Maybe it's because he's comfortable with his sexuality, and isn't all that worried about how other people see him? Besides, maybe he doesn't CHOOSE to act like that. As you said, why would he? Maybe he's just always been like that, and he can't change it so he just accepts it for what it is.

EDIT: Lots of maybes, lol. I love playing devil's advocate.


----------



## meganmila (Jul 25, 2011)

So now you are assuming he's doing that?


Honestly I'm kind of poking fun at this..heh.


----------



## Brad (Dec 27, 2011)

Feminine personality doesn't necessarily mean that he's gay. Although the chances are he is. Just saying though.


----------



## DeeperUnderstanding (May 19, 2007)

Actually, I like Madonna, Celine Dion, Twilight movies and books, and the Lifetime channel...

Look at my porn collection. All women, having sex. And I get turned off by naked men.

Just because a stereotype exists, doesn't mean that everyone fits the stereotype. This is what frustrates me about relationships, and why I don't go on dates; I get judged too easily for being me, when all I want to do is like what I like, and find a girl who likes it, too...what's so wrong about that?

Anyway, this is a change from the typical gender wars thread, because this is a war on a gender based on stereotypes that have never been stated before...this is a first on SAS, at least...


----------



## lyric (Aug 21, 2011)

targetbuddy said:


> Maybe it's because he's comfortable with his sexuality, and isn't all that worried about how other people see him? Besides, maybe he doesn't CHOOSE to act like that. As you said, why would he? Maybe he's just always been like that, and he can't change it so he just accepts it for what it is.
> 
> EDIT: Lots of maybes, lol. I love playing devil's advocate.
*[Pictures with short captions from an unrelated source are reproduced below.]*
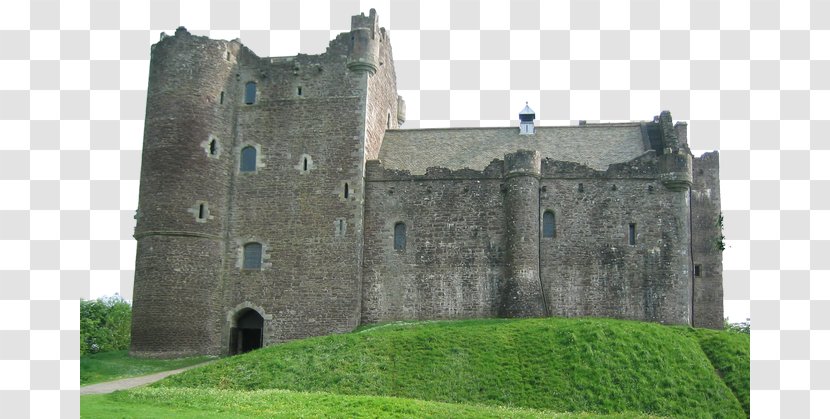 Stirling Doune Edinburgh Bodiam Castle - Game Of Thrones - House And Green Grass Transparent PNG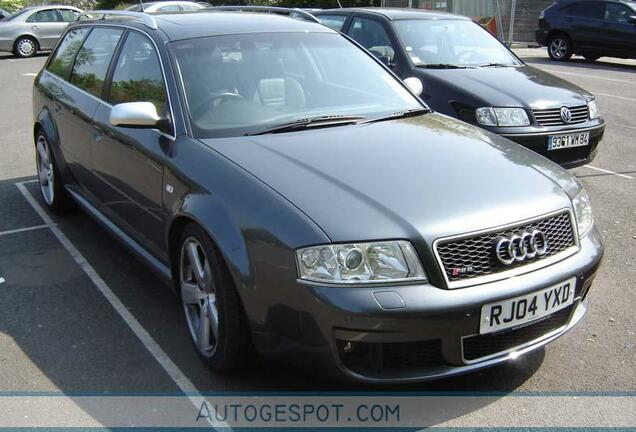 Audi RS6 Avant C5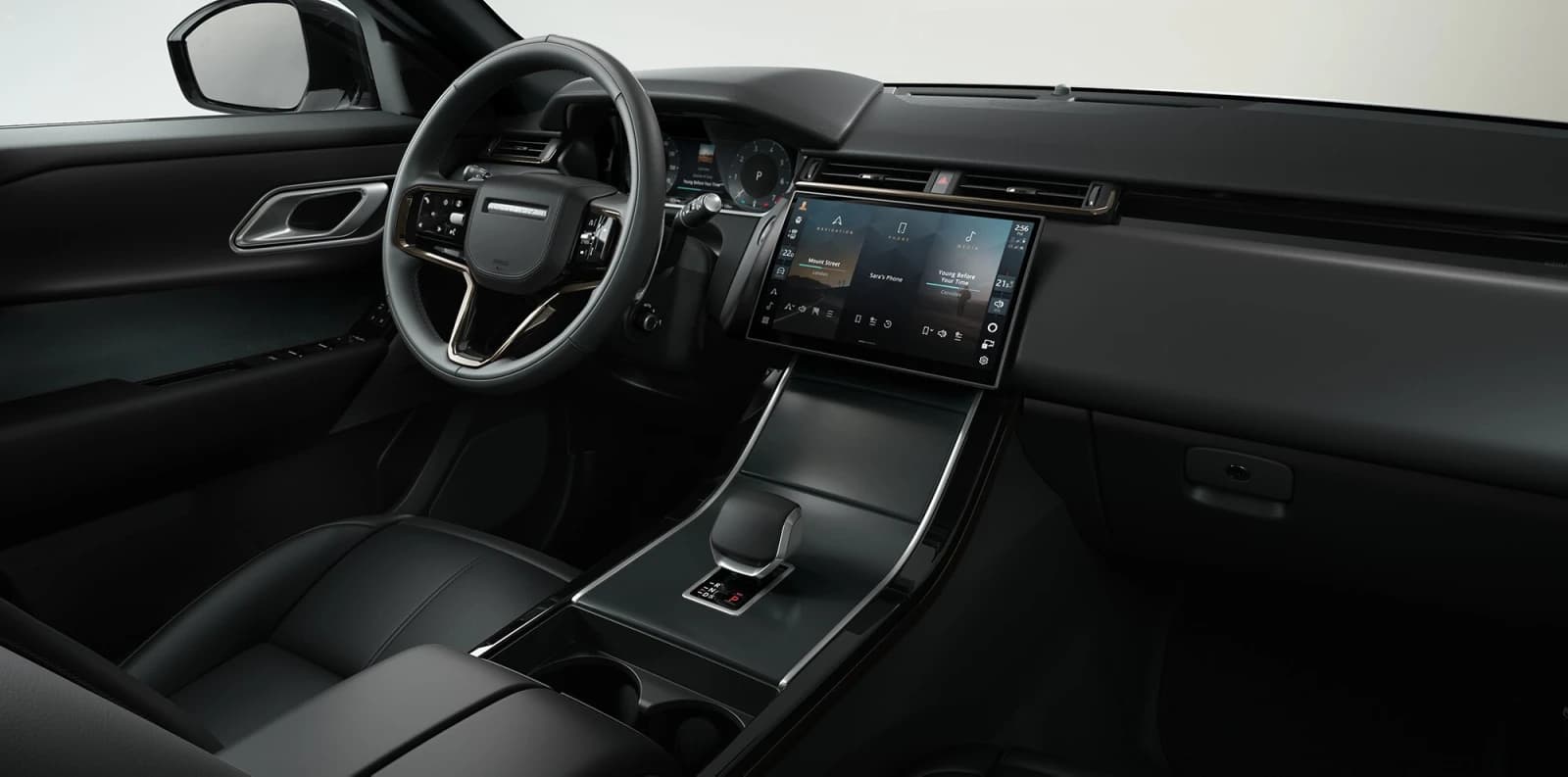 Land Rover Range Rover Velar S P250 2026 — side view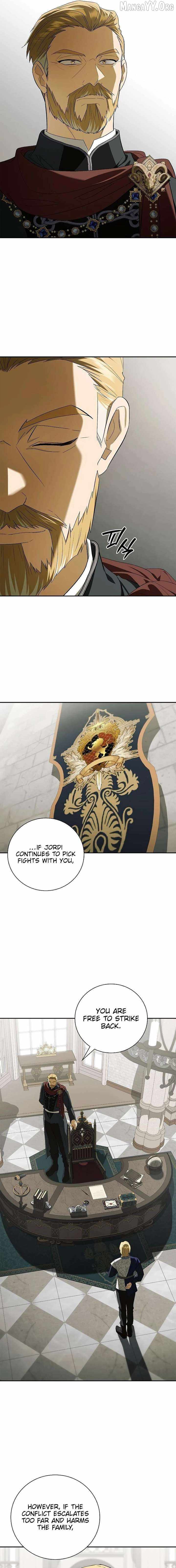 Reincarnated as the Grand Duke’s Third Son — Chapter 13 — page 17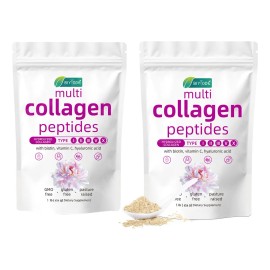 2p Péptidos De Colágeno En Polvo-para Piel Y Articulaciones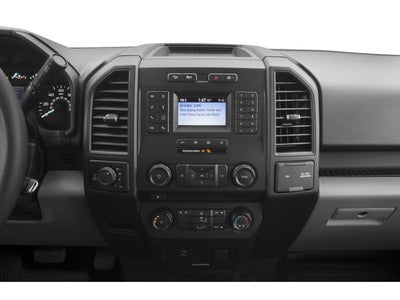 2020 Ford F-150 XL Four Wheel Drive ELECTRONIC 6-SPEED AUTOMATIC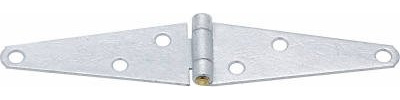STRAP HINGE 4 GLVNZD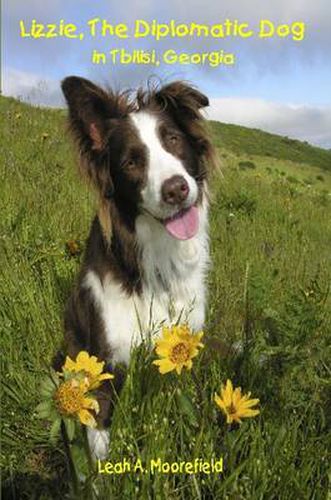 Cover image for Lizzie, The Diplomatic Dog in Tbilisi, Georgia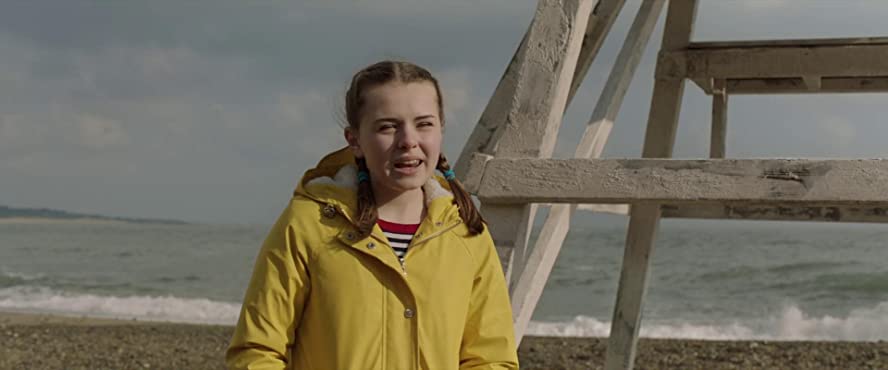 バーバラと心の巨人の画像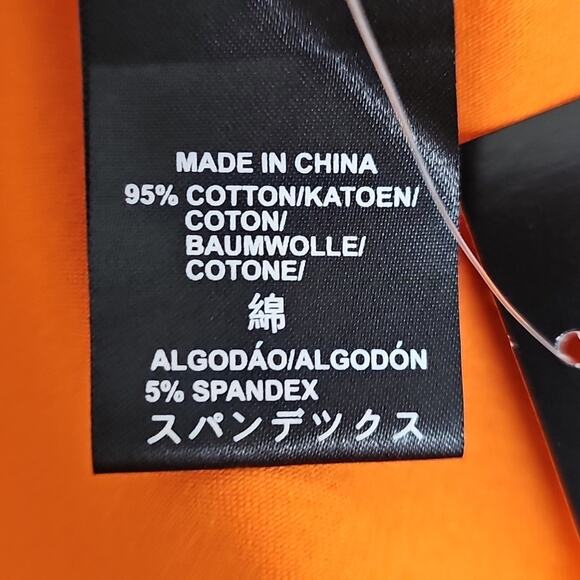 Harley-Davidson Women Orange w/Rose Print Embellished Tank Top Size XL (NWT) - Picture 8 of 9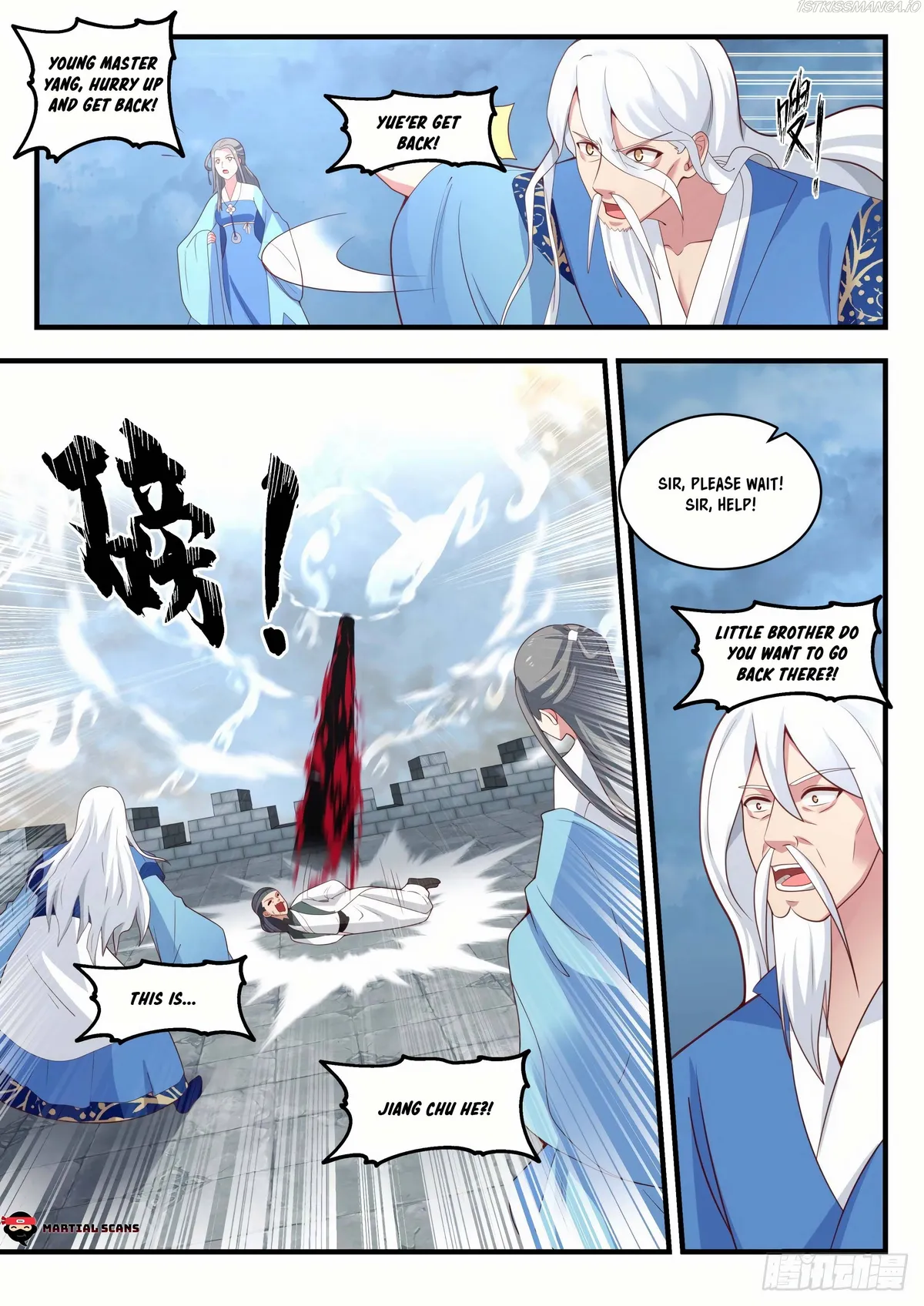 Martial Peak Chapter 1675 Online - página 7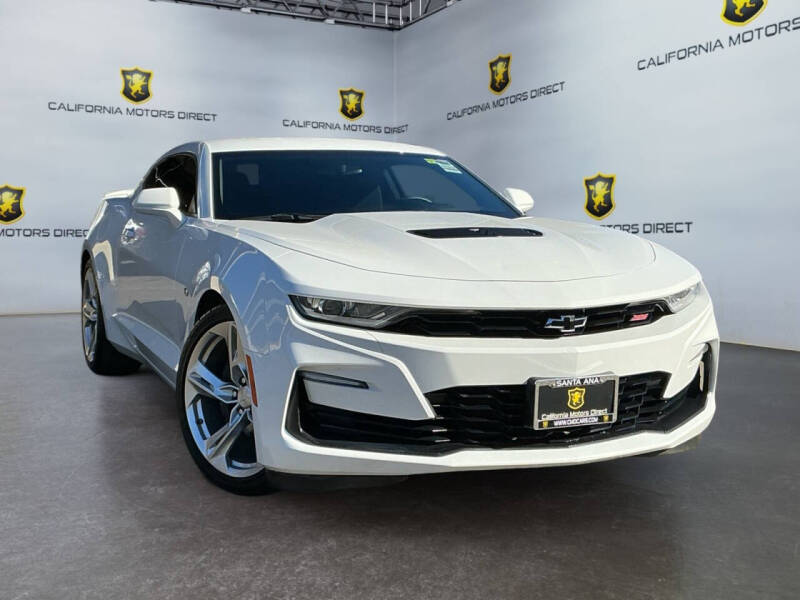 2022 Chevrolet Camaro SS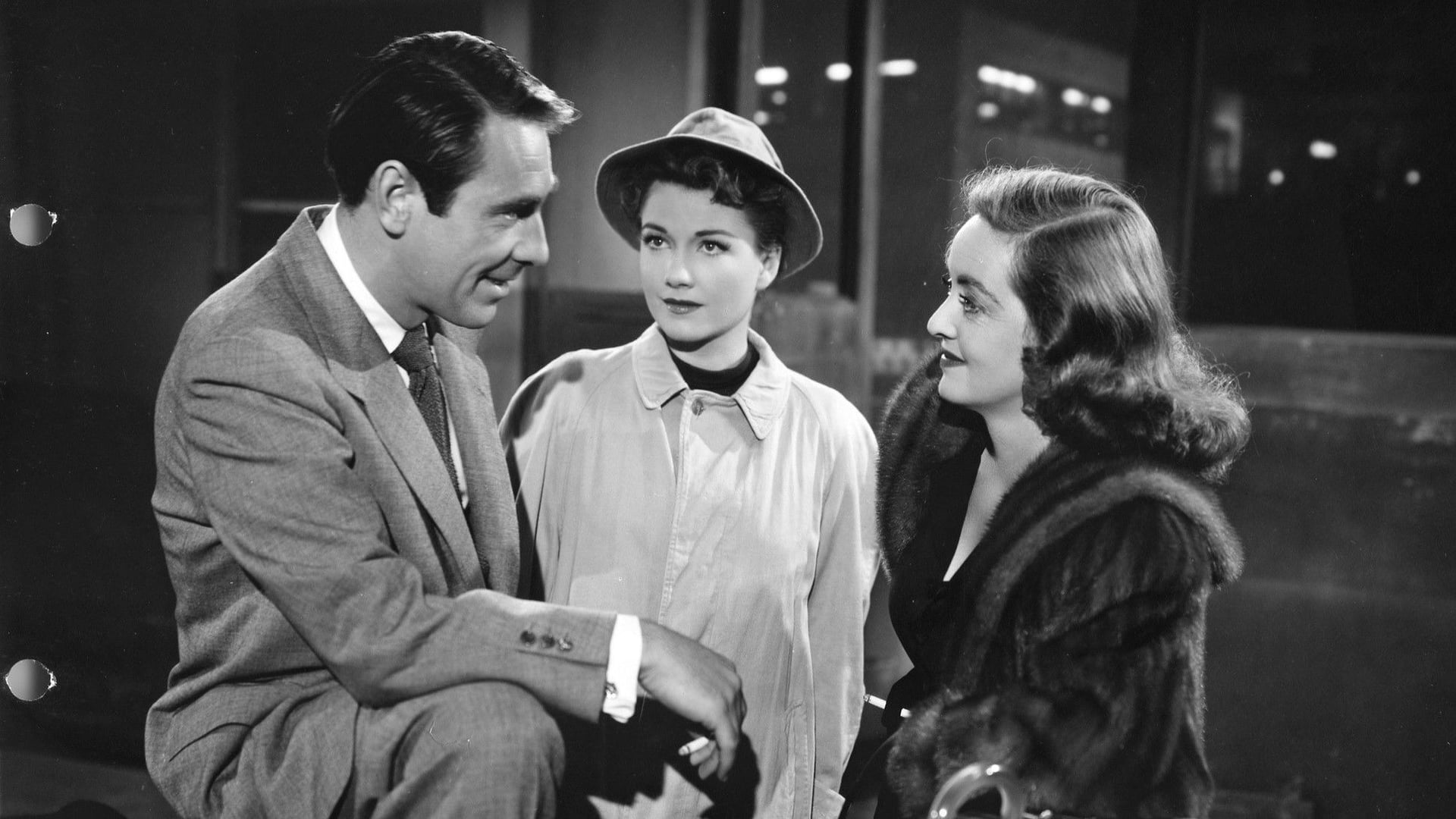 Foto do filme A Malvada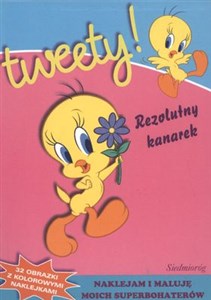 Picture of Tweety! Rezolutny kanarek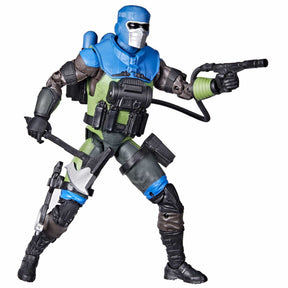 Hasbro Toys > Action Figures > Other Action Figures Hasbro: G.I. Joe Classified Series - Gabriel "Barbecue" Kelly 5010993982752 AUG228167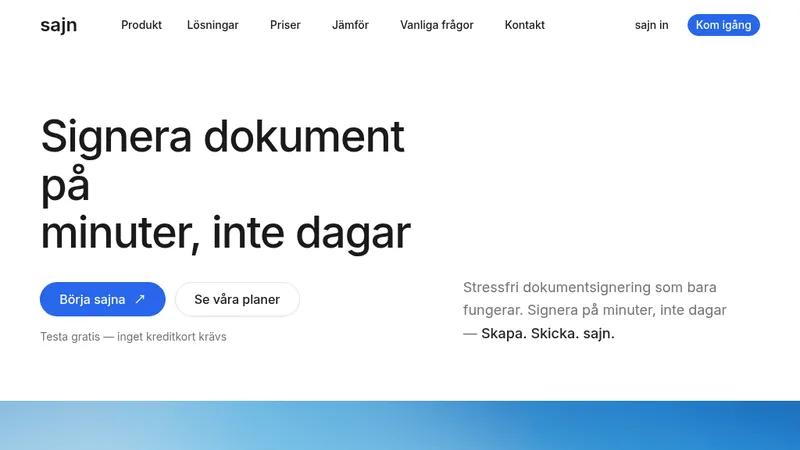 sajn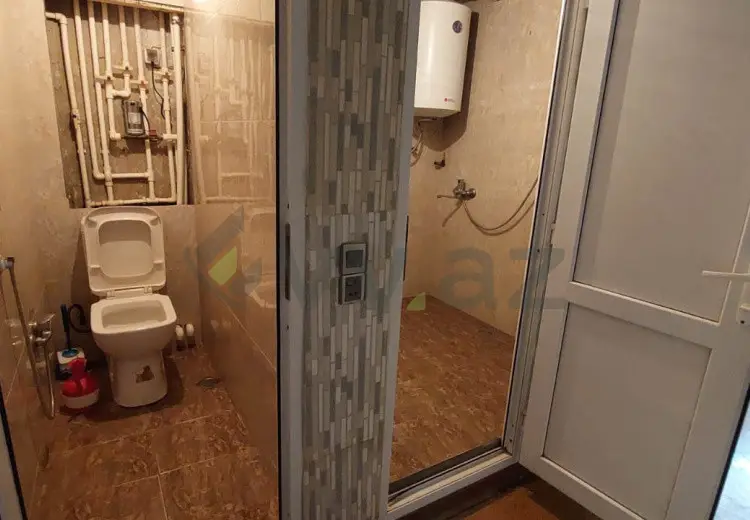 3 otaqlı mənzil Satılır, Hövsan qəs., Suraxanı, Bakı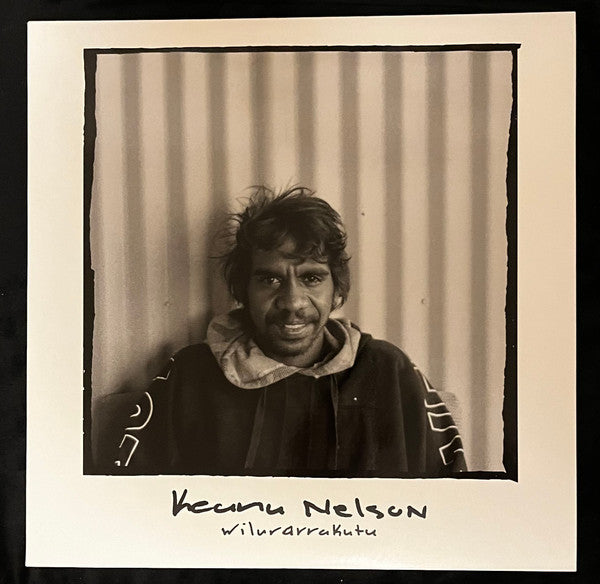 Keanu Nelson – Wilurarrakutu (Translucent Teal Vinyl) 🇺🇸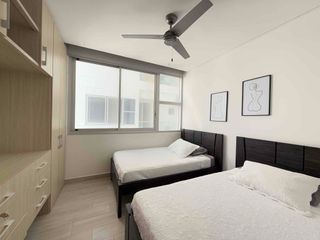 Foto 8 de Venta apartamento según línea de mar salguero Santa marta .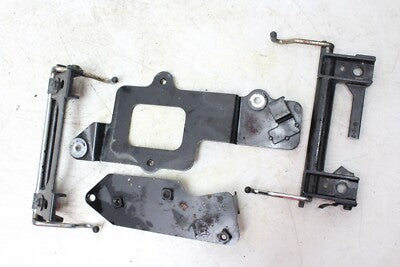 2002 KAWASAKI NINJA 500R EX500 OEM HOLDER BRACKET MOUNT SET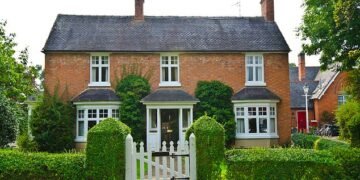 Rich people's problem? Across a swathe of the country, even a relatively modest large family home is enough to push people into the inheritance tax net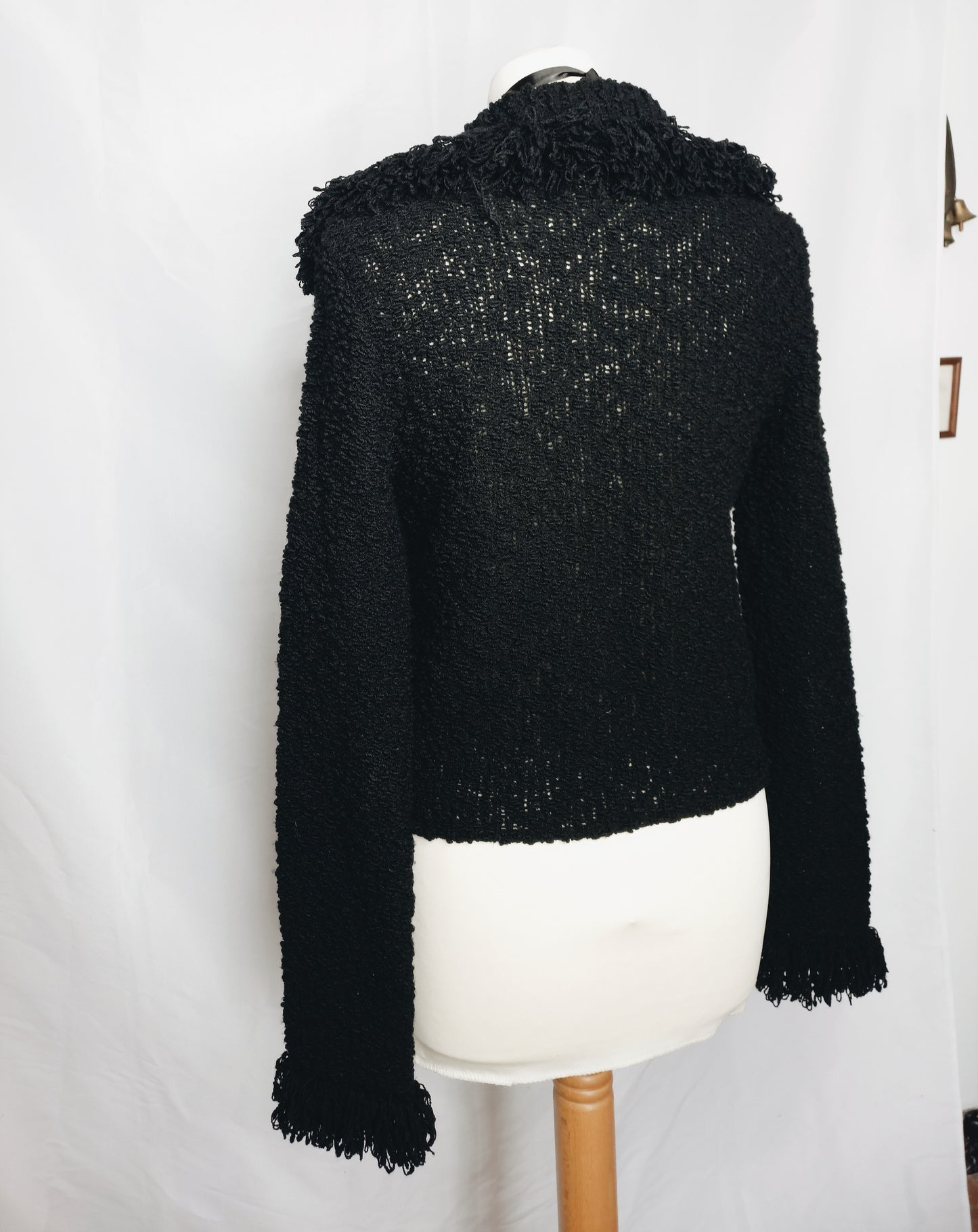 Witch Knit Cardigan - S/M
I don't really know. Either way, the chemistry ain't there. There won't be a relationship. It's unfortunate because I totally want one right now. I guess we'll be franz.


----------



## lyric (Aug 21, 2011)

Brad5 said:


> Feminine personality doesn't necessarily mean that he's gay. *Although the chances are he is.* Just saying though.


You're gonna be attacked now. :lol


----------



## DeeperUnderstanding (May 19, 2007)

I am thankful that I don't need women, other than as friends. I have porn, and from experience porn is less judgmental, plus less costly, than going on mindless dates to try to find a girlfriend.


----------



## lyric (Aug 21, 2011)

WintersTale said:


> I am thankful that I don't need women, other than as friends. I have porn, and from experience porn is less judgmental, plus less costly, than going on mindless dates to try to find a girlfriend.


Well you've got the same mentality as millions of other men have.


----------



## MobiusX (Nov 14, 2008)

at least it didn't turn out to be a serial killer like Dexter


----------



## Double Indemnity (Aug 15, 2011)

lyric said:


> Well you didn't recognize your ignorance either. I guess we're even. And it's subjective I suppose. You think being gay has to do with appearance, I think it has to do with personality. Your comments about a hairstyle were ridiculous.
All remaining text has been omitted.